Search code examples
c#.netlistlinqnumbers

Summary of elements from different lists, which are all related to each other


Imagine you've got an instance of List<List> with several entries. For example:

List<List<int>> inputLists = new List<List<int>>
{
    new List<int> { 4, 2, 1 },
    new List<int> { 5, 9, 1 },
    new List<int> { 6, 1, 2 },
    new List<int> { 9, 4, 3 },
    new List<int> { 9, 4, 2 }
};

I now want to summarize elements in bigger lists if each of them is related to each of them. The result lists should have a minimum amount of 4 elements tho. For the example above our result would be a List<List> with only one entry: { 4, 2, 1, 9 } (sorting irrelevant). Why is that?

Try to form pairs:

  • 9 is in the same list as 1 (check second list)
  • 9 is in the same list as 2 (check last)
  • 9 is in the same list as 4 (check fourth / last)
  • 4, 2 and 1 are all in the same list as well (check first; trivial)
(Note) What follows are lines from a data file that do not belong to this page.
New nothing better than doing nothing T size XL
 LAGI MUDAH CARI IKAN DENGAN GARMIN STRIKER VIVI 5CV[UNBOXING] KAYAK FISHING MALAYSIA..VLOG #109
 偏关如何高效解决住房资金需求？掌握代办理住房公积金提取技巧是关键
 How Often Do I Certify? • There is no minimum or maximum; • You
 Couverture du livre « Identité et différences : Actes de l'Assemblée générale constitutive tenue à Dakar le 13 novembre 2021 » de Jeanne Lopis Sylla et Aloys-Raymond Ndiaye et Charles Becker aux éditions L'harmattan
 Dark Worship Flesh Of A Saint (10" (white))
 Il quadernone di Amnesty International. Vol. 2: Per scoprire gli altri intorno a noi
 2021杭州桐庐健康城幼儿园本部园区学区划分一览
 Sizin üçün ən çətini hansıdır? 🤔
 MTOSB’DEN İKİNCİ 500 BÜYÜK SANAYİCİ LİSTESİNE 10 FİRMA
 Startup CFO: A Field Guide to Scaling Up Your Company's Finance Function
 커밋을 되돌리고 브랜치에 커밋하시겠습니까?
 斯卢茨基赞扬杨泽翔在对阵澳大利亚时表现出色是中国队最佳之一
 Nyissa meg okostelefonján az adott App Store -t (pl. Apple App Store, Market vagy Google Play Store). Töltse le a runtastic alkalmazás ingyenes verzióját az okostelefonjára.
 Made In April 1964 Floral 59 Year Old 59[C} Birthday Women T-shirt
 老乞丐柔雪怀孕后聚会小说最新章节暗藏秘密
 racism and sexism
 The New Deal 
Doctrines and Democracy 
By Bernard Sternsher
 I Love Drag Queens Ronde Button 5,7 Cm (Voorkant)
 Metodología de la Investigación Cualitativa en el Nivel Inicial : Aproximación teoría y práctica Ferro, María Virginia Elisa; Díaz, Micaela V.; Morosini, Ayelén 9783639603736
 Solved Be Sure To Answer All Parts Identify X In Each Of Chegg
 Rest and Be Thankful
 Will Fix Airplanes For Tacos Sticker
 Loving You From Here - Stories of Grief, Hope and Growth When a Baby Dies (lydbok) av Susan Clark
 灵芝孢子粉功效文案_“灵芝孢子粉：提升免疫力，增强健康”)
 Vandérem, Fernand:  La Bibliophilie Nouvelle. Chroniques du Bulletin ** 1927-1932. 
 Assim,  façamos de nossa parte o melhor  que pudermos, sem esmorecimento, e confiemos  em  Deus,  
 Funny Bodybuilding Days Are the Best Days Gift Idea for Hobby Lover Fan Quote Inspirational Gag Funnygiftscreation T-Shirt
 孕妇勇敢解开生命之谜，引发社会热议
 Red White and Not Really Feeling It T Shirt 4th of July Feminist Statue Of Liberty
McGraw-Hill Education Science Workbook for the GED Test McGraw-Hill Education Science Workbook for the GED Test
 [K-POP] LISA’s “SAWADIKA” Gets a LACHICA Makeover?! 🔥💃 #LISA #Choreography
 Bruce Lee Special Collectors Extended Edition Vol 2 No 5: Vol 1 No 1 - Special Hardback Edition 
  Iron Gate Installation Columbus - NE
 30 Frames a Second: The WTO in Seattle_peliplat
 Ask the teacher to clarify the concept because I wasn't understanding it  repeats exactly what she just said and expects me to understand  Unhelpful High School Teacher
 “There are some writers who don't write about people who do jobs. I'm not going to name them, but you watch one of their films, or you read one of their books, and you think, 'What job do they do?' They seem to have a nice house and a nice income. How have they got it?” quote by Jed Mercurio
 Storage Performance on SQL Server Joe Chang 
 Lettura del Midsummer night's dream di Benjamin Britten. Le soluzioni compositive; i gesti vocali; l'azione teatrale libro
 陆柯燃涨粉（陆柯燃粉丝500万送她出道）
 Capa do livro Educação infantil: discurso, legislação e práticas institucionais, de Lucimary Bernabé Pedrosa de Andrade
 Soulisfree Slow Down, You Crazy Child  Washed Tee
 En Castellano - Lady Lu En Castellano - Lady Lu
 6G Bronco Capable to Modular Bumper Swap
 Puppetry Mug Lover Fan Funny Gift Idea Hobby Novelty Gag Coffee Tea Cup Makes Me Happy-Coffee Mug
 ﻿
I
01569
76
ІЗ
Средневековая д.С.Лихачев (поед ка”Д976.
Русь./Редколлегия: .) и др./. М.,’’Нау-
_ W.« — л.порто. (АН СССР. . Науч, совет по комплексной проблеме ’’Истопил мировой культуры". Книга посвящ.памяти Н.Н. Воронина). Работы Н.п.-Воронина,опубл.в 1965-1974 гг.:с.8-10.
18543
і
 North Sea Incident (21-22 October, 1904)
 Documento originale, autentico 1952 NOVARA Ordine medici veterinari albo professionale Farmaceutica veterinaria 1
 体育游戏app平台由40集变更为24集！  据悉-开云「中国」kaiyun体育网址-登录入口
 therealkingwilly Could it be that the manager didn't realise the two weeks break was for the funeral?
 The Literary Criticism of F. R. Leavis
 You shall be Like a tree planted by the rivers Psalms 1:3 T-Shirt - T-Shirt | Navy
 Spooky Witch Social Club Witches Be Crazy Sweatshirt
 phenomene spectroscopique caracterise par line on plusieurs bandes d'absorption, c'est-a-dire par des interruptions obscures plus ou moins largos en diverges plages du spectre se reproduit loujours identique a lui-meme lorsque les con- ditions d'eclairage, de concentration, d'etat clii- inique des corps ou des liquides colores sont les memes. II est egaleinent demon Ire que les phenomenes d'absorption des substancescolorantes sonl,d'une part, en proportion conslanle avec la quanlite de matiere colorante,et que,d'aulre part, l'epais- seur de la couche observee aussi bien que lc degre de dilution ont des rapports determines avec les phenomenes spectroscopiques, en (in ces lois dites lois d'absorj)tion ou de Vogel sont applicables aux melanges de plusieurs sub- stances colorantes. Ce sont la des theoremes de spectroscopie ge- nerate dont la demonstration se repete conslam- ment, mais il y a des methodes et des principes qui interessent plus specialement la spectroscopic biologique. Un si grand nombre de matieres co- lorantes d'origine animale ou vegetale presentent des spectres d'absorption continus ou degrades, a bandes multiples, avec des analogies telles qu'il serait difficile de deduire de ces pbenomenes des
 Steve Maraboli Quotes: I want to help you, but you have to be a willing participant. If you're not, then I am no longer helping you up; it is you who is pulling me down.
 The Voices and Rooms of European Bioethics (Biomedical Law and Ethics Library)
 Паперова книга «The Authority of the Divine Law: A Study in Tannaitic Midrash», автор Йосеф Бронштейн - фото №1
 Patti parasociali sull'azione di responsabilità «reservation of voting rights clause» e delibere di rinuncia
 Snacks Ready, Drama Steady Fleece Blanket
Here is my code. I want to apology if it appears brain damaged, I did not get enough sleep lately.

internal void Test()
{
    List<List<int>> inputLists = new List<List<int>>
{
    new List<int> { 4, 2, 1 },
    new List<int> { 5, 9, 1 },
    new List<int> { 6, 1, 2 },
    new List<int> { 9, 4, 3 },
    new List<int> { 9, 4, 2 }
};

    foreach (var input in inputLists)
    {
        IEnumerable<IEnumerable<int>> results = Array.Empty<IEnumerable<int>>();
        input.ForEach(number =>
        {
            //first step: getting all numbers that are related to "number"
            //number is 4 | related ones are: 4, 2, 1, 9, 3
            IEnumerable<int> everyFrickingNumberAppearing = Array.Empty<int>();
            inputLists.Where(inputList => inputList.Contains(number)).ToList()
            .ForEach(inputList =>
            everyFrickingNumberAppearing =   everyFrickingNumberAppearing.Concat(inputList).Distinct()
            );


            var IReallyDontKnowWhatIAmDoing = everyFrickingNumberAppearing
            //trying out every number
            .Where(probablyRelatedNumber => inputLists
            //looking if there is at least one element that
            //appears in at least one list together with "number"
            .Any(list => list.Contains(probablyRelatedNumber) && list.Contains(number)))
            .ToArray();
            //appending all related numbers of "number" to results
            results.Append(IReallyDontKnowWhatIAmDoing);
        });
        //going through results
        results.ToList().ForEach(r =>
        {
            //selecting only nums which appear in every result
            var importantNums = r.Select(num => results.ToList().All(l => l.Contains(num)));
            //print it
            importantNums.ToList().ForEach(n => Console.Write($"{n} "));
            Console.WriteLine();
        });
    }
}

As mentioned above, I expected 4 2 1 9 (sorting not relevant) to be the output. Thank you for your help.


Solution

  • Let us create a HashSet<(int, int)> storing each pair of numbers occurring in the same list as value tuple. For sake of simplicity lets store the pairing twice as (x, y) and (y, x). This simplifies the further processing.

    var pairs = new HashSet<(int, int)>();
    foreach (var smallList in _inputLists) {
        foreach (int a in smallList) {
            foreach (int b in smallList) {
                if (a != b) {
                    pairs.Add((a, b));
                }
            }
        }
    }
    

    Since each pair appears twice as (x, y) and (y, x), we can now simply group by one of the items of the tuple (Item1) and count how many times it occurs to filter the ones appearing at least 4 times.

    var result = pairs
        .Select(p => p.Item1)
        .GroupBy(x => x)
        .Where(g => g.Count() >= 4)
        .OrderBy(g => g.Key);
    foreach (var g in result) {
        Console.WriteLine(g.Key);
    }
    

    Prints:

    1
    2
    4
    9